Parsers produce ASTs so you can analyze and rewrite code. Starlasu (Kolasu) supports transforming trees: visit each node, replace it or transform it, and create a new root.

Use transforms for refactoring helpers, normalization passes, and the first stage of a transpiler. Transformers are the foundational feature we at Strumenta use to build our transpilers.

When to use transforms

ToolTypical use
Read-only walk / visitorInventory, lineage, metrics
TransformRename identifiers, strip constructs, transpile to target language

Add Dependencies

repositories {
mavenLocal()
mavenCentral()
flatDir {
dirs("deps")
}
}

dependencies {
implementation(files("deps/sas-parser-with-dependencies-1.6.5-all.jar"))
}

Collect DatasetSpec

This example collect every DatasetSpec name. The ASTTransformer.transform give you complete control on every transformation. The consequence of this approach is that you need to define a transformation not just for every node you need to transform, but for every node that could contain that node. Otherwise the transformer will apply the default transformation you selected on the creation of the ASTTransformer.

import com.strumenta.kolasu.commercial.LicenseManager
import com.strumenta.kolasu.transformation.ASTTransformer
import com.strumenta.kolasu.validation.Issue
import com.strumenta.sas.ast.SourceFile
import com.strumenta.sas.parser.SASLanguage
import java.io.File
import com.strumenta.kolasu.transformation.IDENTTITY_TRANSFORMATION
import com.strumenta.sas.ast.Identifier
import com.strumenta.sas.ast.VariableExpression
import com.strumenta.sas.ast.datastep.DataStep
import com.strumenta.sas.ast.other.DatasetSpec
import com.strumenta.kolasu.model.Node

fun formatDatasetSpec(spec: DatasetSpec): String {
val name = spec.name
val textName = when (name) {
is VariableExpression -> name.variable
is Identifier -> name.name
else -> name?.toString() ?: "?"
}
return if (spec.library != null) "${spec.library}.$textName" else textName
}

data class ActualName(val name: String) : Node()

data class ActualNames(val names: List<ActualName>) : Node()

data class DataSteps(val names: List<String>) : Node()

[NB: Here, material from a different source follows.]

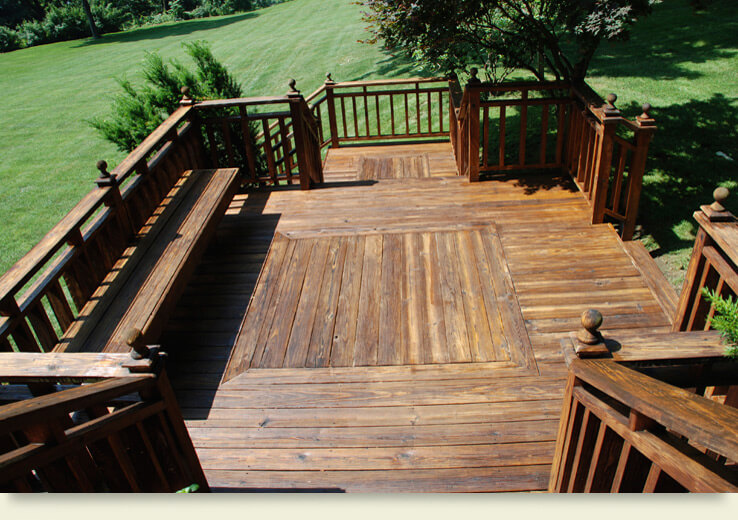 Stained Deck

fun collectDatasetSpecNames(sasFile: File, license: File) {
LicenseManager.registerLicense(license)
val sas = SASLanguage()
val result = sas.parse(sasFile)
val root = result.root

val issues: MutableList<Issue> = result.issues.toMutableList()
val documenter: ASTTransformer = ASTTransformer(
issues = issues,
allowGenericNode = true,
defaultTransformation = IDENTTITY_TRANSFORMATION
)

documenter.registerNodeFactory(SourceFile::class)
{ sf : SourceFile, transformer ->
val dataSteps = sf.statementsAndDeclarations.filterIsInstance<DataStep>()
DataSteps(
dataSteps.flatMap { (transformer.transform(it) as ActualNames).names.map { it.name } }
)
}

documenter.registerNodeFactory(DataStep::class)
{ dt : DataStep, transformer ->
ActualNames(
dt.datasets.map { transformer.transform(it) as ActualName}
)
}

documenter.registerNodeFactory(DatasetSpec::class)
{ dt : DatasetSpec, transformer ->
ActualName(formatDatasetSpec(dt))
}

val newAST = documenter.transform(root)
println(newAST)
}

Typically you define a transformation for every node, unless you have a well-defined and specific need, such as transforming all Data Step in SQL statements.